A judge has said he did not believe the High Court should allow itself to be "used" by billionaire bloodstock owner John Magnier to keep certain documents secret in his row over the sale of the 751-acre Barne Estate in Clonmel, Co Tipperary.
Mr Justice Michael Twomey made the comment when he ruled Mr Magnier must release 10 documents over which the Coolmore Stud owner had claimed should not be divulged because they contained legal advice he got in relation to the sale of the property.
The judge's ruling came as part of preliminary matters in advance of the hearing of the action brought by Mr Magnier and his children, John Paul Magnier and Kate Wachman, who claim they had an agreement with the Barne owners to buy the Golden Vale estate for €15 million.

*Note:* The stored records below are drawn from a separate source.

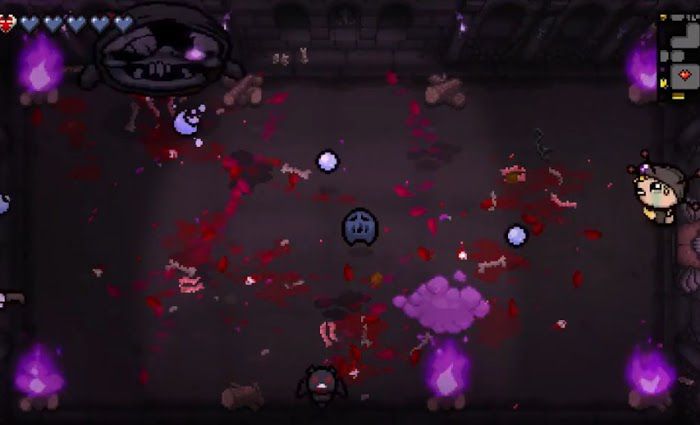 以撒的結合 (The Binding of Isaac Repentance) 全新增BOSS技能解析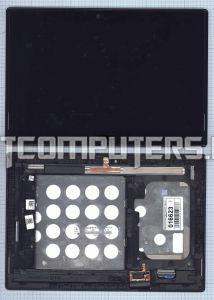 Модуль (матрица + тачскрин) для Acer Iconia Tab 10 A3-A30 черный с рамкой, Диагональ 10.1, 1920x1200 (WUXGA)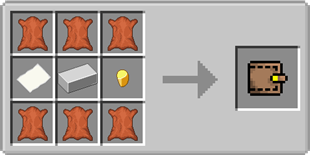 Wallet Recipe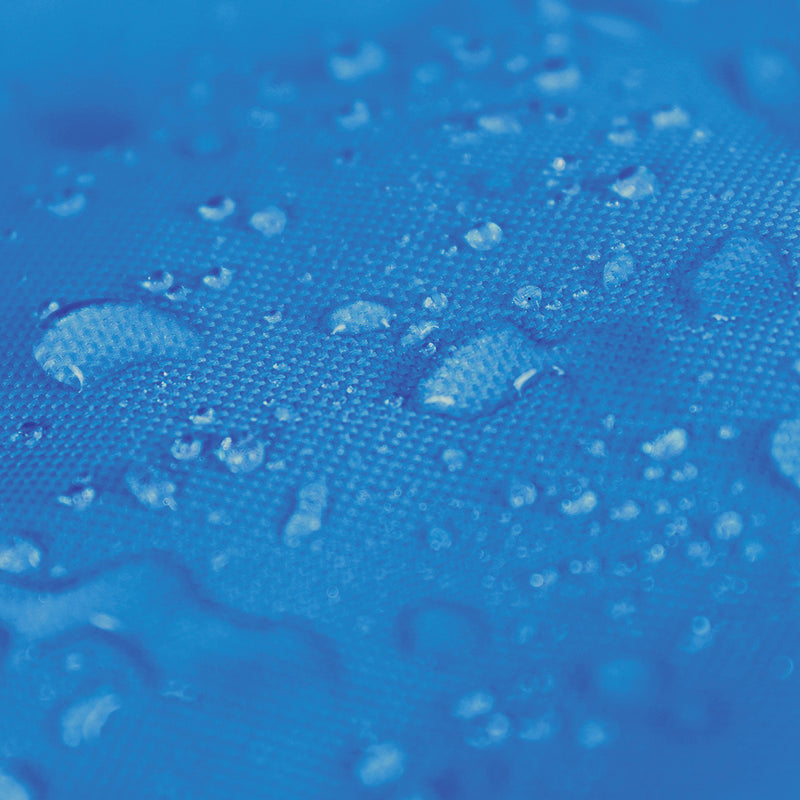 Kingston Waterbestendige Klassieke Zitzak - Blauw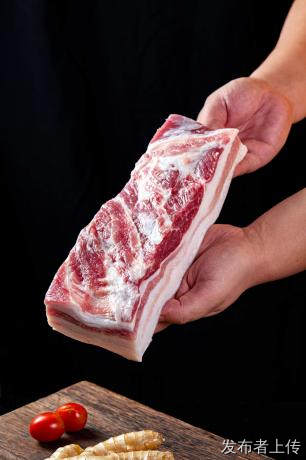 济南高端食材黑猪肉礼盒公司推荐济南古蜀金乌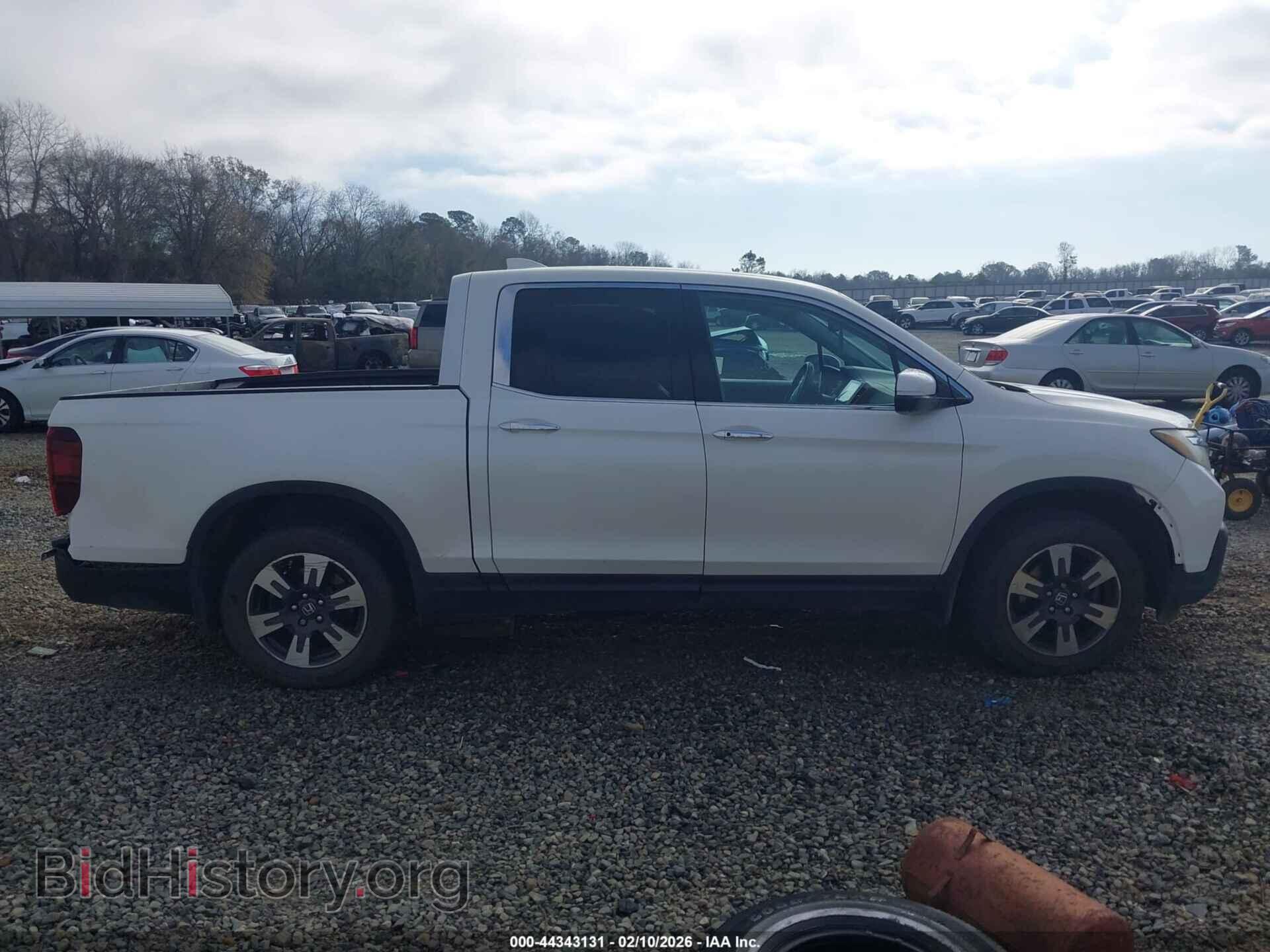 2017 HONDA RIDGELINE - VIN: 5FPYK3F78HB034887 - Фото 14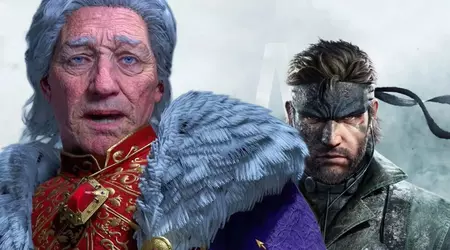 ¿Qué remaster será el siguiente? Los autores de MGS Δ: Snake Eater y TES 4: Oblivion Remastered ya están trabajando en nuevos proyectos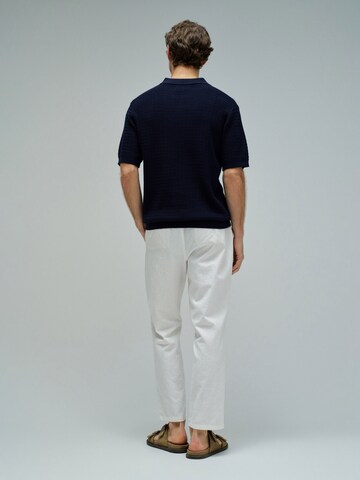Salsa Jeans Poloshirt in Blau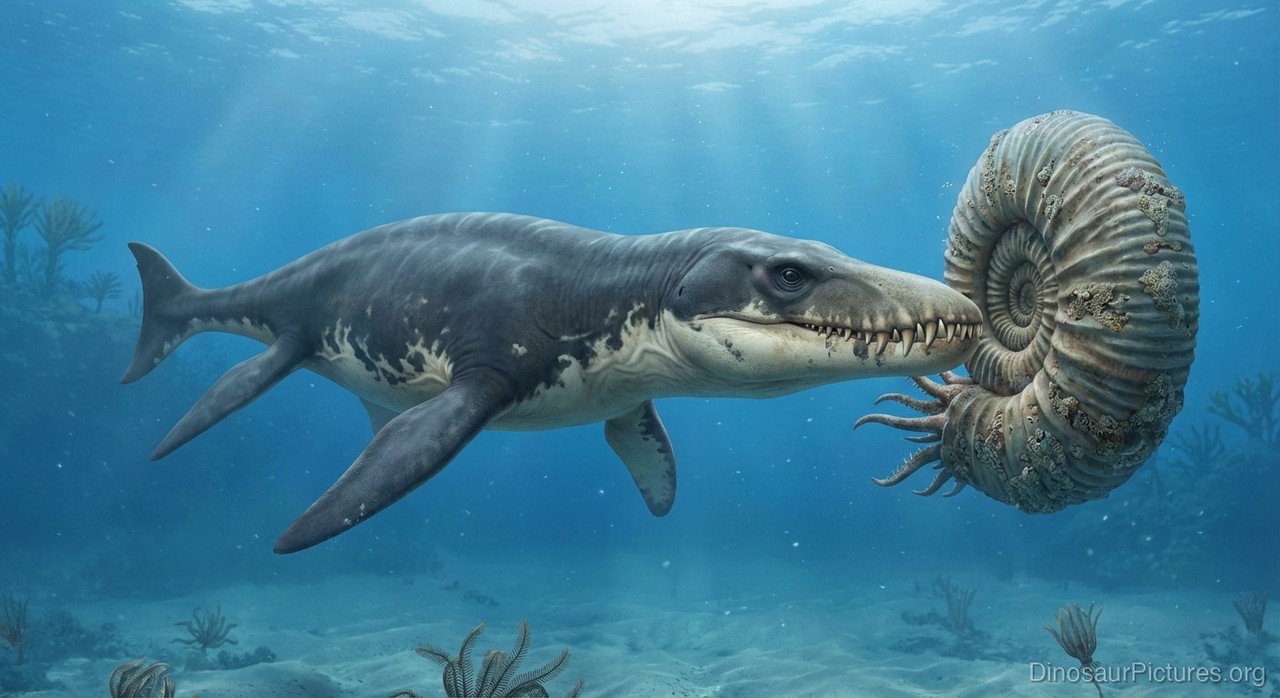 Monquirasaurus pictures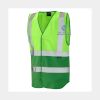 PILTON Leo EcoViz Reflective Waistcoat Thumbnail
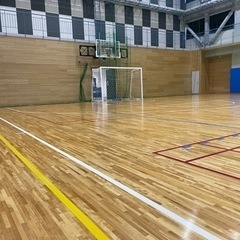 正月明けフットサル　1月6日15〜18刈谷市体育館　1月8日15...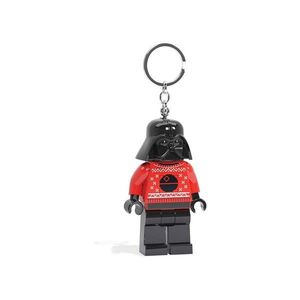 Červeno-čierna kľúčenka Star Wars - LEGO® vyobraziť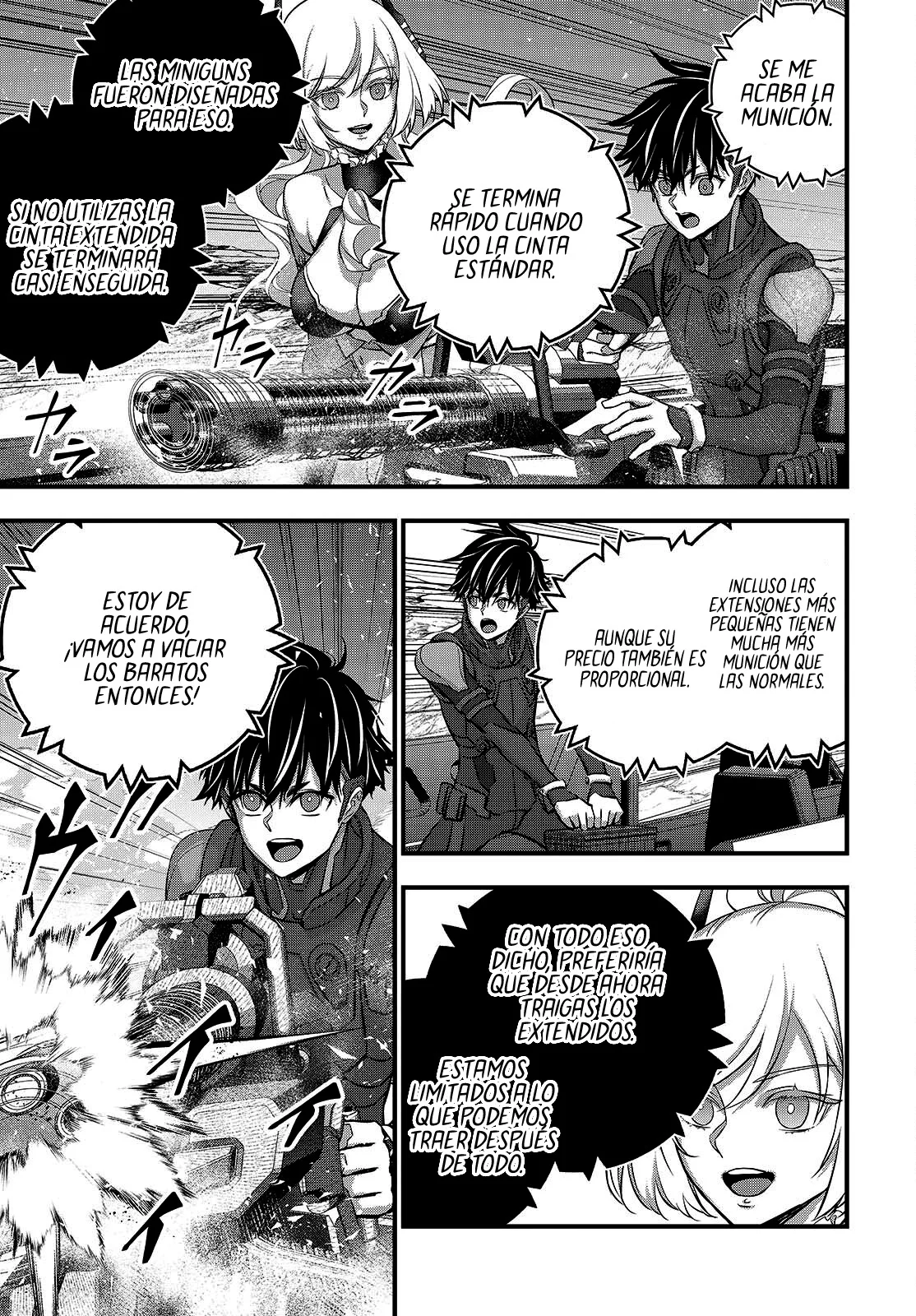 Página 29 del Manga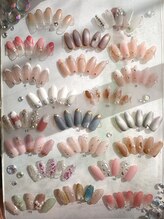 エクランドボヌール(Ecrin de bonheur)/ブライダルネイル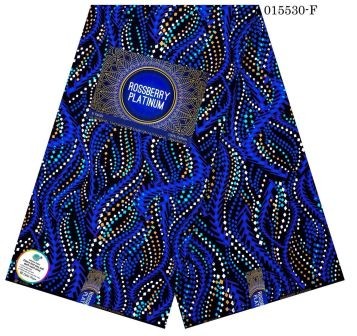 High Quality Ankara African Print per(6yards)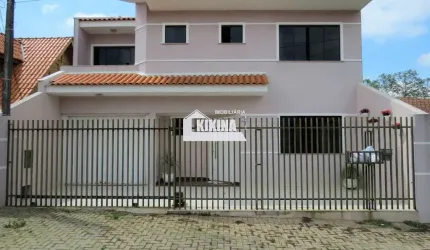 Sobrado com 3 quartos  à venda, 153.00 m2 por R$760000.00  - Oficinas - Ponta Grossa/PR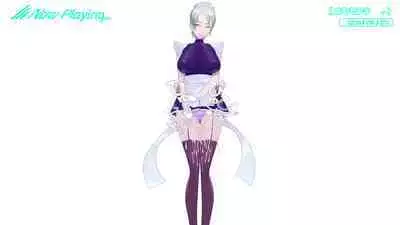 Onani Support Doll MODEL: Maid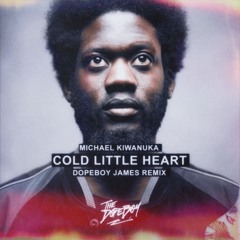 Michael Kiwanuka - Cold Litte Heart Dopeboy James Remix (Extended)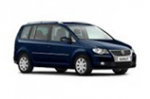 Volkswagen Touran 2007-2010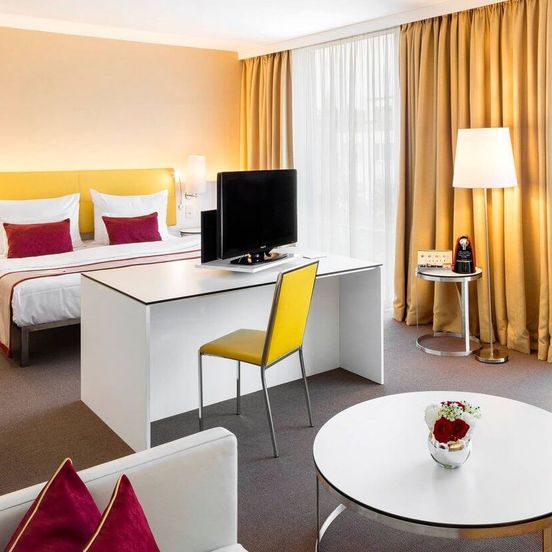 Andel's Prague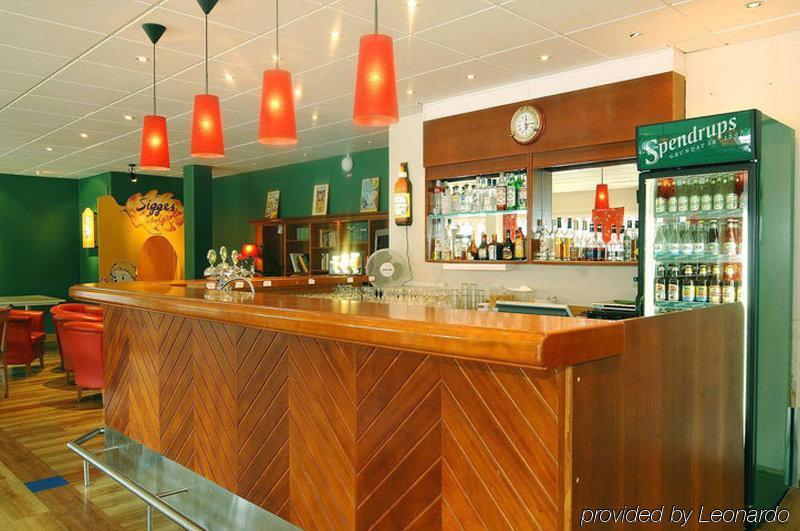 Scandic Oestersund Syd Restaurant foto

Barne Estate is held for the benefit of Richard Thomson-Moore, his sister Alexandra, their children, and their spouses by a Jersey trust.
The Magniers have sued the Barne Estate, Mr Thomson-Moore and three companies of IQEQ (Jersey) Ltd seeking that the €15 million deal to buy, which they say was struck on August 22nd this year, be completed.
The Barne defendants say there was never any such agreement, and subsequently they agreed to sell it for €22.5 million to construction magnate Maurice Regan, founder of the New York building firm JT Magen. Mr Regan is not a party to the case.
Mr Justice Twomey said John Magnier did not want to disclose the ten documents that are relevant to his claim against the defendants "presumably because he believes they will undermine his case."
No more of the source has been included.